In the village, the population was spread out, with 29.2% under the age of 20, 4.9% from 20 to 24, 24.4% from 25 to 44, 25.9% from 45 to 64, and 15.6% who were 65 years of age or older. The median age was 38.5 years. For every 100 females, there were 97.8 males. For every 100 females age 18 and over, there were 96.1 males.

The median income for a household in the village was $31,875, and the median income for a family was $42,083. Males had a median income of $34,485 versus $35,583 for females.

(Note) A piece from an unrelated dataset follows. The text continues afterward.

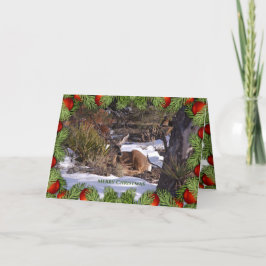 Cartão De Festividades Deer Peace Love Joy Wildlife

The per capita income for the village was $19,743. About 20.8% of families and 27.8% of the population were below the poverty line, including 37.0% of those under age 18 and 21.9% of those age 65 or over.

Historical population
| Census | Pop. | Note | %± |
| 1870 | 658 |  | — |
| 1890 | 902 |  | — |
| 1900 | 1,279 |  | 41.8% |
| 1910 | 1,216 |  | −4.9% |
| 1920 | 1,186 |  | −2.5% |
| 1930 | 1,260 |  | 6.2% |
| 1940 | 1,326 |  | 5.2% |
| 1950 | 1,516 |  | 14.3% |
| 1960 | 1,641 |  | 8.2% |
| 1970 | 1,617 |  | −1.5% |
| 1980 | 1,496 |  | −7.5% |
| 1990 | 1,544 |  | 3.2% |
| 2000 | 1,712 |  | 10.9% |
| 2010 | 1,701 |  | −0.6% |
| 2020 | 1,556 |  | −8.5% |
U.S. Decennial Census

===Housing===
There were 766 housing units at an average density of 403.2 /sqmi; a total of 8.4% of housing units were vacant.

There were 702 occupied housing units in the village; 415 were owner-occupied units (59.1%), while 287 were renter-occupied (40.9%). The homeowner vacancy rate was 3.7% of total units. The rental unit vacancy rate was 6.2%.